SUPPLIED MATERIAL
———
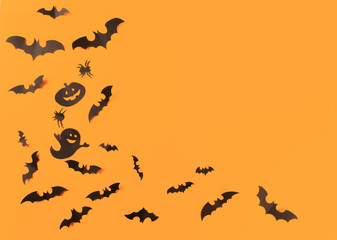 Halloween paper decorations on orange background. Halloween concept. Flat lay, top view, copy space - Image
———
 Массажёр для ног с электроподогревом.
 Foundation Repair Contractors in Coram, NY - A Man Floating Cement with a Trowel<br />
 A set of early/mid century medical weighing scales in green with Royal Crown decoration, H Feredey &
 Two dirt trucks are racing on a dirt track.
———
WORK TO BE COMPLETED
Only the lines holding the string "with" are needed; copy each of them from the material above.

RESPONSE AREA
 Foundation Repair Contractors in Coram, NY - A Man Floating Cement with a Trowel<br />
 A set of early/mid century medical weighing scales in green with Royal Crown decoration, H Feredey &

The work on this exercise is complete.